Posted on Fri, September 07, 2012 by Slow Food USA
2 Comments | Categories: Biodiversity, Seafood,
Written by Jeremy Brown, Fisherman, Slow Food member and 2008 Terra Madre delegate
Albacore, Thunnus Alolonga, are the only tuna that can be sold as “white meat’. In many ways the polar opposite of the Bluefin beloved of the sushi trade and poster fish for fisheries run wild. Albacore’s ecological niche is on the fringes- they swim further, faster deeper and more scattered into cooler waters than most tunas. This makes them less vulnerable to fishing pressure, and particularly hard to catch on an industrial scale.
Older fish swim deeper in more tropical water and are principally caught on pelagic longline gear, younger fish frequent the surface waters along the sub tropical convergence zones of the world’s oceans which is where they can be caught by jigs trolled on the surface or chummed up with bait in the classic pole-and-line fisheries.
Off the West Coast the bulk of the catch is taken by smaller trollers, owner-operators with one or two crew. Caught one at a time, the fish are individually handled and iced or frozen right away to preserve their quality- with a body temperature sometimes 8 degrees above water temperature, hot-blooded albacore need prompt and thorough cooling.
Traditionally most of the catch went to the big industrial canners, but in recent years there has been growing interest from restaurants, specialty seafood markets and discerning consumers. We have also seen a strong growth of local ‘micro-canneries, producing high quality artisanal pack, and a revival of interest in home canning.
Western Fishboat Owners Association, the principle fishermen’s group has produced a comprehensive website with resources, recipes and a directory of ports where you can buy fish direct off the boats.

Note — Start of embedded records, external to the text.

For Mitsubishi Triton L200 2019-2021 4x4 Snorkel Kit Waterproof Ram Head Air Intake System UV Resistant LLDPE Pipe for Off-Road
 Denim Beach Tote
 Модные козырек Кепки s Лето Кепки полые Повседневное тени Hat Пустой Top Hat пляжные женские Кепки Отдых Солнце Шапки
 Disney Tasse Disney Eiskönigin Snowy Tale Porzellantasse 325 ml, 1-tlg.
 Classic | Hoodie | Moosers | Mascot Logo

Albacore is an excellent source of DHA and EPA, the long chain omega-3 fatty acids so important for good nutrition. Young albacore swim far offshore away from runoff and manmade pollution so are of low concern for contaminants. Both the Federal government and independent labs routinely monitor landings. The respected Oregon State University Seafood Center has published peer-reviewed results showing regional albacore to be well below all levels of concern.